Managing Terraform Drift
Detect, triage and resolve Terraform drift with Scalr’s policy-driven workflows, automated scans and guardrails—keep every stack compliant.
Infrastructure as Code (IaC) has revolutionized how we build and manage IT environments. Tools like Terraform, and its open-source counterpart OpenTofu, empower teams to define infrastructure declaratively, bringing predictability and automation. However, even in the most well-managed IaC setups, a common challenge persists: infrastructure drift.
Drift occurs when the actual state of your deployed infrastructure diverges from the intended state defined in your code. This silent deviation can creep in through manual changes, overlapping automation, or even dynamic cloud provider actions. Left unchecked, drift can lead to security vulnerabilities, compliance breaches, unexpected costs, and operational instability.
This post explores how to detect and manage infrastructure drift, looking at native IaC capabilities, the broader tool ecosystem, and how platforms like Scalr offer a robust approach to maintaining configuration integrity.

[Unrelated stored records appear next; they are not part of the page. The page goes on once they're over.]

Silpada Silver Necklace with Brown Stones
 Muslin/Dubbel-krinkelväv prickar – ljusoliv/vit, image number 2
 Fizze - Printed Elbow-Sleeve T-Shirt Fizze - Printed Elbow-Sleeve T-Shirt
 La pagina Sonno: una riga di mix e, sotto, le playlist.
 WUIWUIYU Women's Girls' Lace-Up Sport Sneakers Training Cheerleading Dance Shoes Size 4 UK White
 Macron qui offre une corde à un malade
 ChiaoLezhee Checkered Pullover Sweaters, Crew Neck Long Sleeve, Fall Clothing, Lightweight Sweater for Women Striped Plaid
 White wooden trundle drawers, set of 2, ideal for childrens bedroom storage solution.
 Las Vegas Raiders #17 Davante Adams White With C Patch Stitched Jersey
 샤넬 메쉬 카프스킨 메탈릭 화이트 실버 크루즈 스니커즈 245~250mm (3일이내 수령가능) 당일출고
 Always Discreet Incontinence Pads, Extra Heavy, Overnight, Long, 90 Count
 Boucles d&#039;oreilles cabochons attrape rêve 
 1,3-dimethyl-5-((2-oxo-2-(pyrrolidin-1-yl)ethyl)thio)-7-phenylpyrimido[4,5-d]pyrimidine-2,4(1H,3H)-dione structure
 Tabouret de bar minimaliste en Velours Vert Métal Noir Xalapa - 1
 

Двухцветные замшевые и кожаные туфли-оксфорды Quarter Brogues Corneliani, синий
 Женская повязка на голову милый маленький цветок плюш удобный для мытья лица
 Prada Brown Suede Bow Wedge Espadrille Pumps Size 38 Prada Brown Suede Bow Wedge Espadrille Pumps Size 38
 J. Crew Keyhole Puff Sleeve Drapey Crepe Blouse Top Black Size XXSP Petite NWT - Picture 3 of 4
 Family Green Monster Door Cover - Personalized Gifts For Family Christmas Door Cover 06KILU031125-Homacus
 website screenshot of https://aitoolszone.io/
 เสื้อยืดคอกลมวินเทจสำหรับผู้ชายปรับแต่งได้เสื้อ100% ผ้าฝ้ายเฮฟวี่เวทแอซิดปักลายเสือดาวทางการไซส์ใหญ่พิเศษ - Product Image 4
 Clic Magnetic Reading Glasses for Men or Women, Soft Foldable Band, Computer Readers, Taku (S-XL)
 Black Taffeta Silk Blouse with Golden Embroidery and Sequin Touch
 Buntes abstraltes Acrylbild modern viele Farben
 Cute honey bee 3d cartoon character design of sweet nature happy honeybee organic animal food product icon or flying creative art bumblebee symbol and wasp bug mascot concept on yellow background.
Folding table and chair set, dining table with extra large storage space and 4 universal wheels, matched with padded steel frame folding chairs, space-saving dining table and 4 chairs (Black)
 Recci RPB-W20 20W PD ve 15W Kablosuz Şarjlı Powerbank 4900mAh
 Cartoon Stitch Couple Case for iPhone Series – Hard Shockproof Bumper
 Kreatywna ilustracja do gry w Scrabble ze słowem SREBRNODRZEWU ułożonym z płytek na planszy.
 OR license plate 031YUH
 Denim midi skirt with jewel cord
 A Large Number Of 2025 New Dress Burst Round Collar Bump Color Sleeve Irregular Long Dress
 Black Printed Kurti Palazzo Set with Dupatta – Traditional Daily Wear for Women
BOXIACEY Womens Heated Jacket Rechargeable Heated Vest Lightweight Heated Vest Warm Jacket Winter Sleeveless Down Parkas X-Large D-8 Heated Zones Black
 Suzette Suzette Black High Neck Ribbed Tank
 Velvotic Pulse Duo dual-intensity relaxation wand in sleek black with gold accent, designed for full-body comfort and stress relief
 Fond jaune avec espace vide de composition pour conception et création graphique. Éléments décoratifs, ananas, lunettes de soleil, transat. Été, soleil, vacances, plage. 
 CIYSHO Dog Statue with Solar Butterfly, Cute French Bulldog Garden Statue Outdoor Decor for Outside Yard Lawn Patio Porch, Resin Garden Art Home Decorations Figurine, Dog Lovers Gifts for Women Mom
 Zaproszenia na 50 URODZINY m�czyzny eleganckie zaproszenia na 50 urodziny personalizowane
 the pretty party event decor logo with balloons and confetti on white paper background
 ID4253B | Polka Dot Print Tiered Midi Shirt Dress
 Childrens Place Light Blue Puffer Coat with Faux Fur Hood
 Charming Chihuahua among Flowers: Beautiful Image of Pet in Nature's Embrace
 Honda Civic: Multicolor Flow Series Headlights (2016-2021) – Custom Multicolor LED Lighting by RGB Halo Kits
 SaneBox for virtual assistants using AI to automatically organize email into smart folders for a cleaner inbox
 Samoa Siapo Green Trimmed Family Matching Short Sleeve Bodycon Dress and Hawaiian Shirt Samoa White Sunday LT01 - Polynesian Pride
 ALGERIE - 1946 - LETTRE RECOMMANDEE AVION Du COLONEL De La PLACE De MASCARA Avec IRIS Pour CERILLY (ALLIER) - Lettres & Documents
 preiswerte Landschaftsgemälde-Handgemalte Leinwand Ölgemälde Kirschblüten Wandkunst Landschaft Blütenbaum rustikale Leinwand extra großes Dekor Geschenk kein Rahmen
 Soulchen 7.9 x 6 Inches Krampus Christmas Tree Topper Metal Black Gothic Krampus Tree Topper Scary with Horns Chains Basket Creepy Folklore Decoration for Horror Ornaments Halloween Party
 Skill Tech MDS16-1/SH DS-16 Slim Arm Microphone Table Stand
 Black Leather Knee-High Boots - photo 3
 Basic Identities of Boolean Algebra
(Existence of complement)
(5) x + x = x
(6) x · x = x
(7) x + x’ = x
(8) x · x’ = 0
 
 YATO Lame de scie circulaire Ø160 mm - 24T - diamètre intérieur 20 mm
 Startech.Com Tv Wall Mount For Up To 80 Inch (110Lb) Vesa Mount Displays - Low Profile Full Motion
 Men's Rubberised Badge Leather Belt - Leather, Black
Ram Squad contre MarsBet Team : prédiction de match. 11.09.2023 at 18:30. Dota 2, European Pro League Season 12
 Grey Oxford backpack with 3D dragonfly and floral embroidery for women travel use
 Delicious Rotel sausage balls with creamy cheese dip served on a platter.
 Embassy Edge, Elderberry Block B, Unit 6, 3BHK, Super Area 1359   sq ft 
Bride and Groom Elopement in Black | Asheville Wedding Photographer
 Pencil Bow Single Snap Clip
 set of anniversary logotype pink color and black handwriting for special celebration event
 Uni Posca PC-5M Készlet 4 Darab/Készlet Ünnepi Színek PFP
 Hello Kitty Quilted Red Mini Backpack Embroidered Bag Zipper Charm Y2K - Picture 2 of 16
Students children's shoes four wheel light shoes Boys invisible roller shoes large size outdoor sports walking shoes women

The First Line of Defense: Native plan
Operations
Both Terraform and OpenTofu provide a fundamental mechanism for spotting discrepancies: the plan
command.
# For Terraform
terraform plan
# For OpenTofu
tofu plan
When you run terraform plan
or tofu plan
, the IaC tool reads your configuration, checks the current state file, and queries your cloud provider for the actual state of managed resources. If the plan output shows proposed changes (creations, updates, or destructions) when you haven't intentionally modified your code, that's a clear sign of drift.
Strengths:
- Built-in: No extra tools needed for basic checks.
- Authoritative: Directly compares your code's intent with the (refreshed) state.
Limitations:
- Managed Resources Only: Won't detect resources created manually outside of your IaC configuration.
- Verbose Output: Can be hard to sift through in large environments.
- Scalability: Running plans constantly across many workspaces can be cumbersome.
- No Automatic Remediation: Identifies drift but doesn't fix it.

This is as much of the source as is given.